Opini
Bias Jender Penanganan Kasus Prostitusi Daring Surabaya
Published
7 years agoon
By
Mitra Wacana
Oleh Arif Sugeng Widodo (Staff Divisi Pendidikan Mitra Wacana)
Beberapa hari ini, Indonesia dihebohkan oleh kasus prostitusi daring yang terjadi di Surabaya. Publik kembali terhenyak dengan berita tersebut yang menyebar luas di masyarakat; baik melalui televisi, portal berita, dan juga jejaring media daring. Polisi diberitakan telah mengamankan beberapa orang yang terdiri dari dua orang artis dan seorang laki-laki pengusaha yang diduga terlibat prostitusi online di sebuah hotel di Surabaya. Selain itu polisi juga telah mengamankan terduga mucikari yang menghubungkan antara konsumen dan pengguna jasa seksual tersebut. Berita tertangkapnya dua orang artis beserta laki-laki pengusaha tersebut ramai diperbincangkan. Hal tersebut bisa jadi karena melibatkan artis dan nilai transaksinya yang dianggap “wah”. Dalam perkembangan kasusnya, ternyata pemberitaan lebih ramai menyoroti sang artis, sedangkan mucikari dan laki-laki pengguna jasa tidak banyak yang membahasnya.
Ada tiga hal yang patut dicermati dalam kasus prostitusi daring tersebut. Pertama, berkaitan dengan identitas pihak-pihak yang diduga terlibat. Kedua, penanganan kasusnya yang mengaburkan adanya konsumen atau pengguna jasa. Inisial Identitas konsumen awalnya tidak muncul tapi setelah banyak yang mempertanyakan baru kemudian kepolisian merilis inisial konsumen tersebut. Laki-laki pengguna jasa ini hanya diperiksa beberapa jam sebelum akhirnya dibebaskan. Ketiga, tanggapan publik yang cenderung lebih banyak menghakimi artisnya dan sangatlah sedikit menelusuri dan membahas pengguna jasa tersebut. Publik lebih banyak menyoroti nilai transaksi yang dianggap terlalu mahal. Tiga hal tersebut menunjukkan dalam penanganan kasus prostitusi online ini sudut pandang patriarkhi masih cukup kuat.

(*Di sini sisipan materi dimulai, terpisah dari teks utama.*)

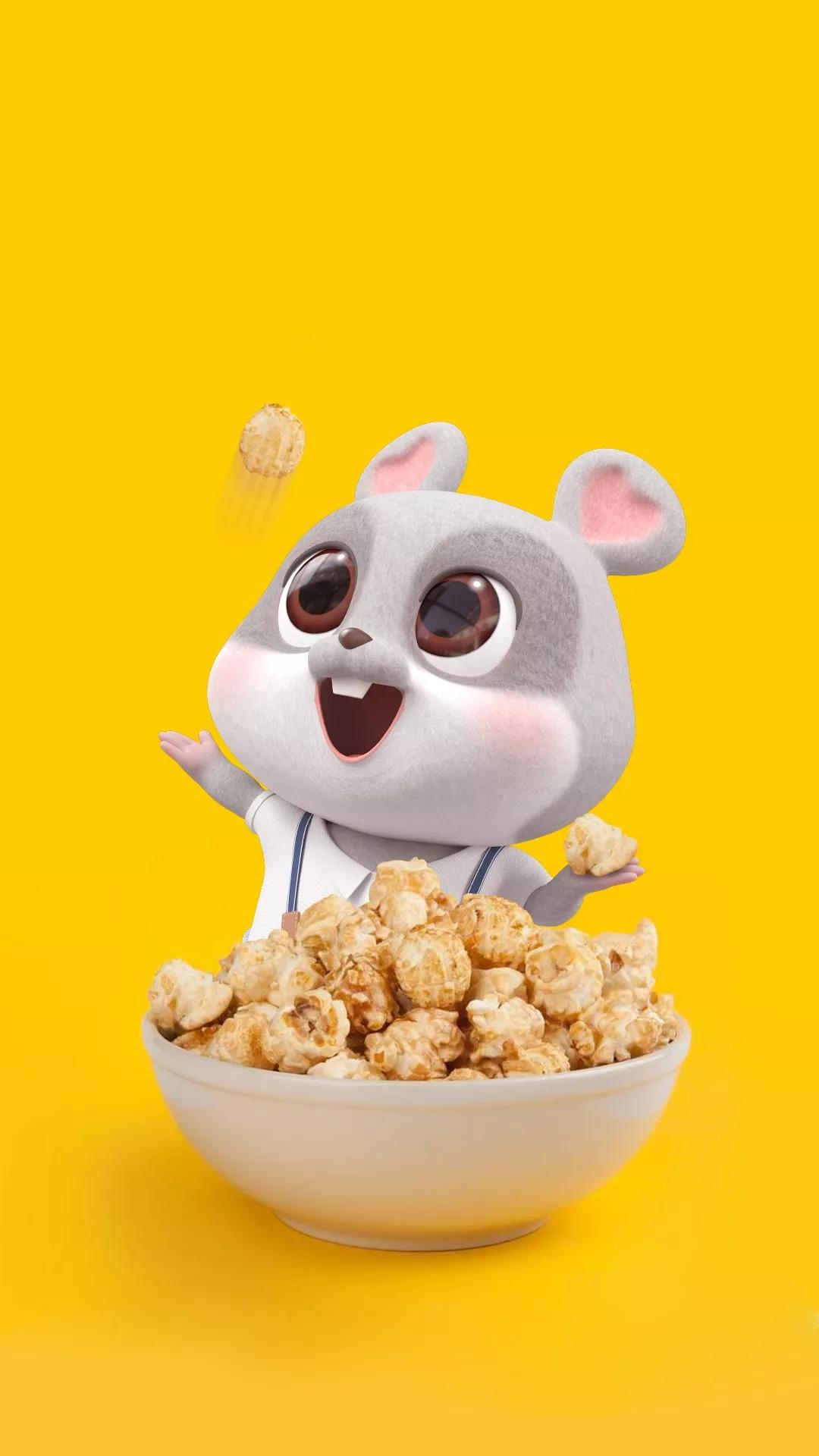 凯越汽车之家真的是新手小白的第一台车吗？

Pertama, mengenai identitas artis yang beredar luas di media masa, media sosial dan juga aplikasi chatting. Pada awalnya identitas hanya menyebut inisial saja namun dalam perkembangannya menjadi sangat gamblang dengan menyebut nama artis yang bersangkutan. Sedangkan konsumen yang katanya seorang pengusaha sama sekali tidak terbahas bahkan inisialnya saja jarang muncul dalam pemberitaan. Media begitu vulgar mengungkapkan identitas artis, mereka tanpa segan-segan menyebut nama artis dengan jelas dan membuka ruang penghakiman sosial yang begitu kejam di dunia maya. Bisa jadi orang menganggap bahwa identitas yang gamblang ini akan memberikan efek jera pada para pelaku prostitusi daring. Jika dicermati, status hukum artis tersebut adalah saksi korban, sedangkan mucikari dan konsumen jika memakai Undang-undang No. 21 2007 Tentang Tindak Pidana Perdagangan Orang (TPPO) merupakan pihak yang dapat dijerat oleh hukum. Mestinya dua pihak yaitu mucikari dan konsumen lebih banyak dibahas, sedangkan identitas saksi korban tidak disebutkan secara vulgar apalagi oleh media-media mainstream yang memiliki kode etik ketat
Tentu, di zaman media daring ini informasi mudah tersebar, akan tetapi instansi, atau lembaga pemberitaan masih bisa memegang kode etik penulisan dengan hanya menyebut inisial tanpa harus secara vulgar menulis atau menyebut nama lengkap si artis walaupun secara faktual publik sudah tahu. Dalam pemberitaan yang beredar secara luas artislah sosok yang paling banyak dicerca dan dibicarakan, sedangkan mucikari dan pengguna jasa sangat minim pembahasan bahkan identitas aslinya tidak diketahui. Pemberitaan menjadi tidak berimbang, karena artis dianggap sebagai pihak yang paling bersalah. Artis yang bersangkutan bahkan melakukan permintaan maaf secara terbuka karena dirinya telah membuat gaduh. Pertanyaan yang muncul adalah mengapa mucikari dan pengguna jasa tidak diperlakukan serupa? Kepolisian dalam penanganan perkara ini sungguh tidak berimbang ketika memperlakukan pihak-pihak yang terkait dengan prostitusi daring tersebut.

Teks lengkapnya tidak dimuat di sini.